* **Dataset section**

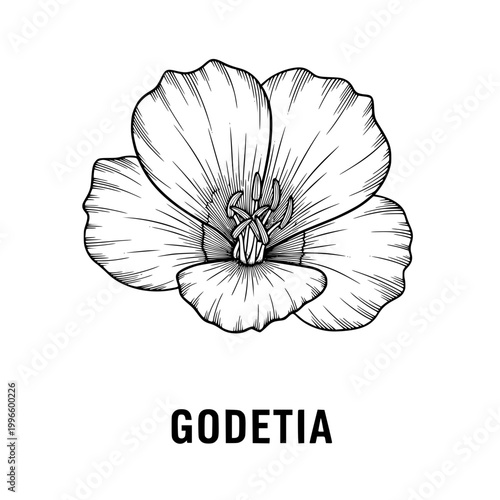 Godetia Flower Sketch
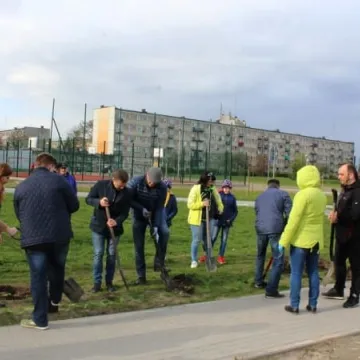 Samorządowcy z Platformy Dialogu sadzili drzewa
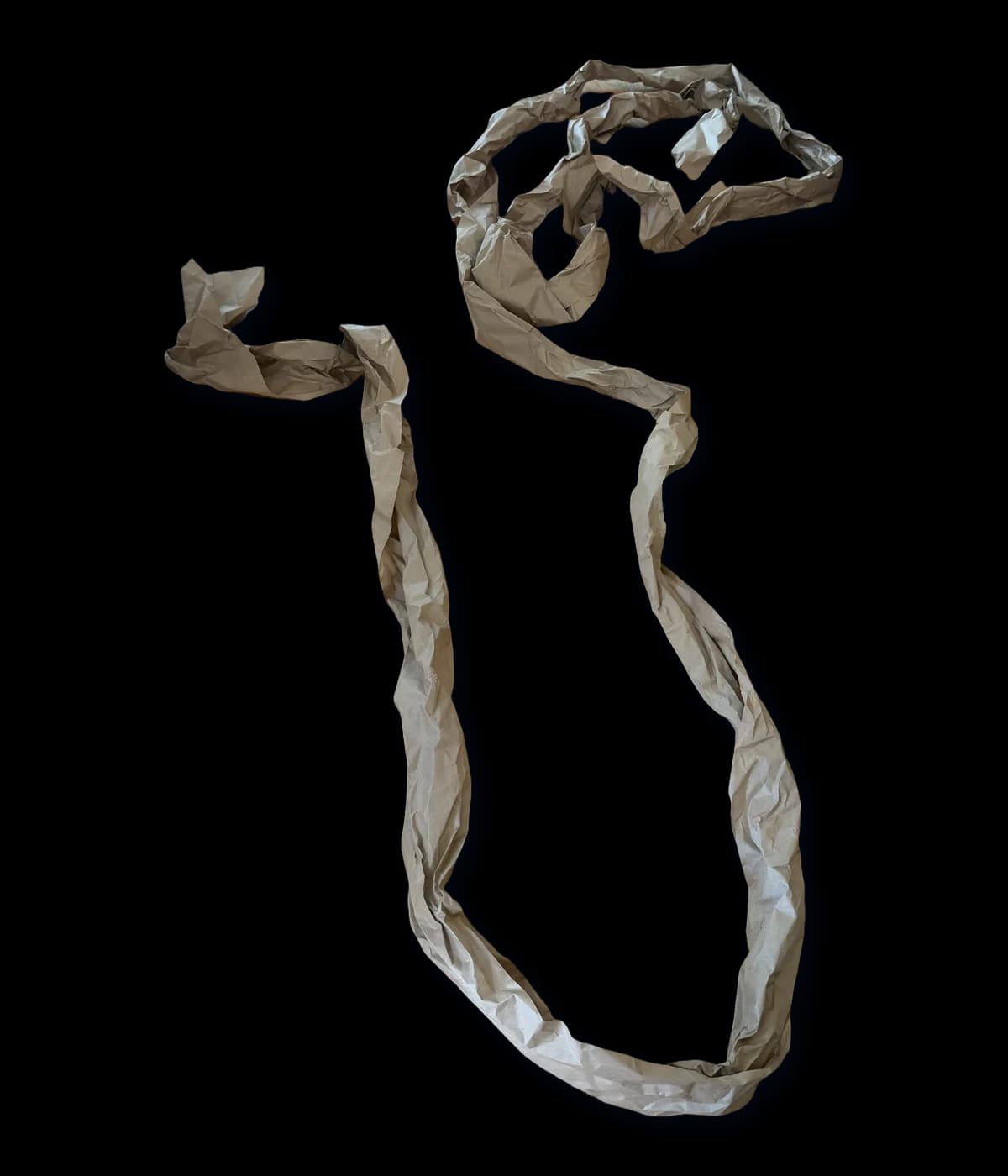 Cardboard Snake, built with packing paper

* **Problem to work on**
Here the job is to print all the data exactly, skipping any image.

* **Expected output**
 Godetia Flower Sketch
 Samorządowcy z Platformy Dialogu sadzili drzewa
 Cardboard Snake, built with packing paper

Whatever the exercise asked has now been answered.